The following discussion and analysis of our results of operations and financial position should be read in conjunction with our audited financial statements and the notes thereto, included in our 10-KSB filed for the year ended May 31, 2008. Our financial statements are prepared in accordance with U.S. GAAP.


SPECIAL NOTE REGARDING FORWARD-LOOKING STATEMENTS


The following discussion is intended to provide an analysis of our financial condition and should be read in conjunction with our audited financial statements and the notes thereto.  The matters discussed in this section, which are not historical or current facts, deal with potential future circumstances and developments.  Such forward-looking statements include, but are not limited to, the development plans for our growth, trends in the results of our development, anticipated development plans, operating expenses and our anticipated capital requirements and capital resources.  Our actual results could differ materially from the results discussed in the forward-looking statements.

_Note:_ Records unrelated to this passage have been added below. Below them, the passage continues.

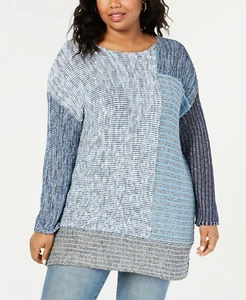 Style & Co. Übergröße Colorblock Tunika Pullover, blau Combo, 0X - Bild 1 von 2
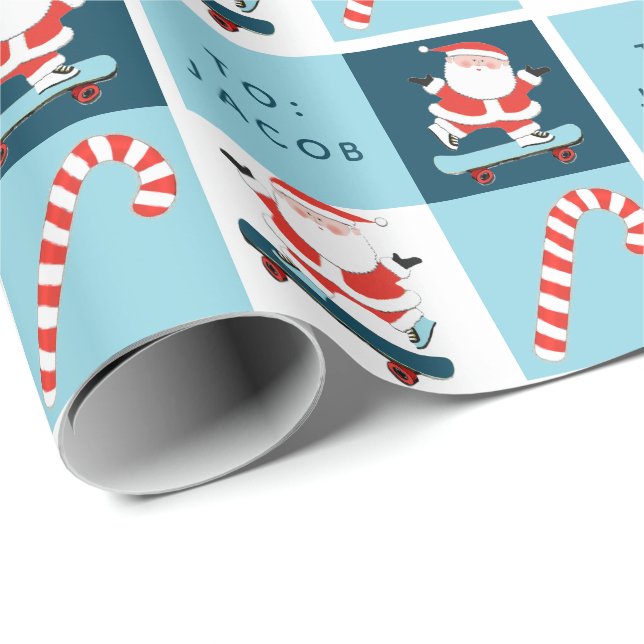 Personalised Skateboarding Holiday Gift Wrapping Paper (Roll Corner)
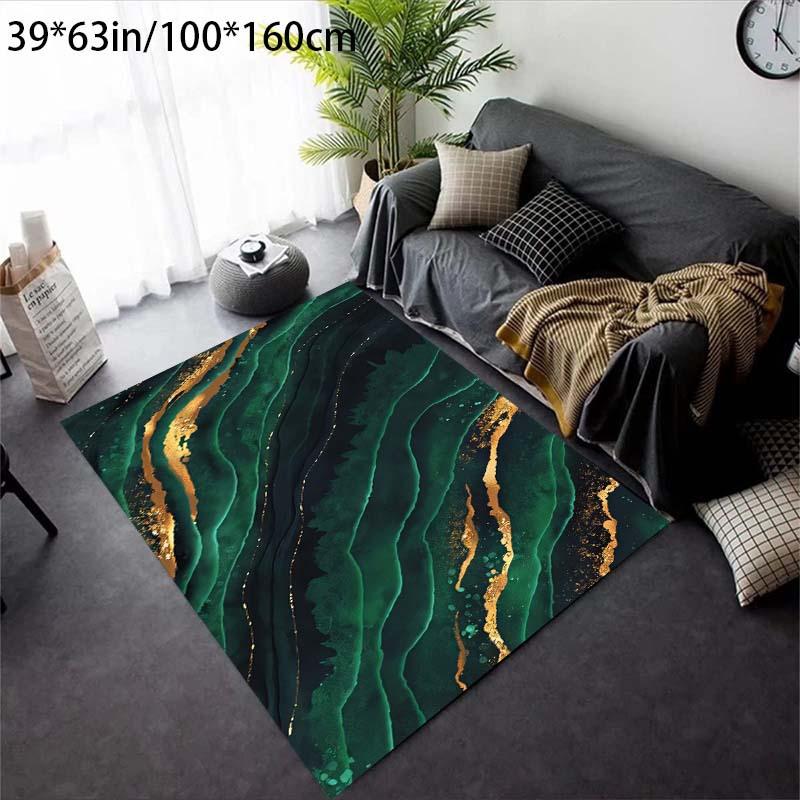 

Golden Black Marble Patterned Area Rug Non Slip Polyester Backing Machine Made for Home Decor 50x80cm20x31in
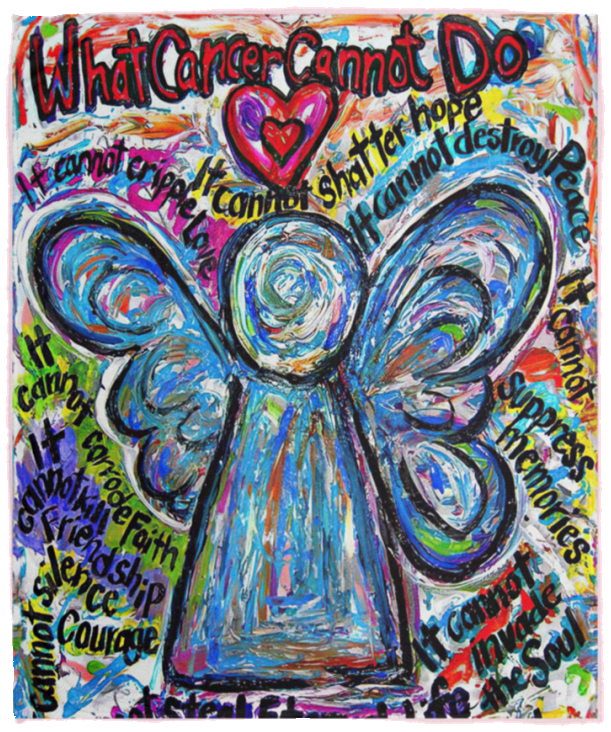 Colorful Cancer Angel Blanket, Breast Cancer Awareness - VPM Cozy Plush Fleece Blanket - 50x60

The accompanying financial statements have been prepared in conformity with accounting principles generally accepted in the United States of America, which contemplate continuation of the Company as a going concern.  However, the Company has sustained substantial losses and its current liabilities exceed its current assets.  The Company intends to generate positive cash flows from operations through increased sales utilizing the network of distributors in place with existing products and the new natural immune booster products, issuing additional stock, and obtaining necessary capital through additional advances from the Company’s principal stockholder or through private placements.


To continue operations, the Company must raise additional capital. However, there can be no assurance the Company will be able to obtain additional capital from private placements in the future. The Company has no other committed sources or arrangements for additional financing.


Three months Ended November 30, 2008 Compared to Three months Ended November 30, 2007


Total revenue for the three months ended November 30, 2008 was $193,488 compared to $274,989 in the same period ended in 2007.  Gross profit was $150,660 for the three months ended November 30, 2008 compared to $218,953 for the same period ended in 2007, as further discussed below. The net loss during the three months ended November 30, 2008 was $226,510 compared to a net loss of $270,810 in the same period ended in 2007.


Sales and Gross Profit


All revenue for the three months ended November 30, 2008 and 2007, respectively, were for product sales. The Company recorded $57,640 in sales for the new ImmunXT product line for the three months ended November 30, 2008 and none for the comparable period. There was no royalty income due from Nordic Immotech for their sales of our natural immune booster product in Europe during either three month period ended. Sales by Nordic Immotech were expected to be sporadic in fiscal 2009 as they continue to introduce the ImmunXT product in new markets.  They also tend to sell product in bulk to large distributers which is a different marketing model than what the Company is currently employing.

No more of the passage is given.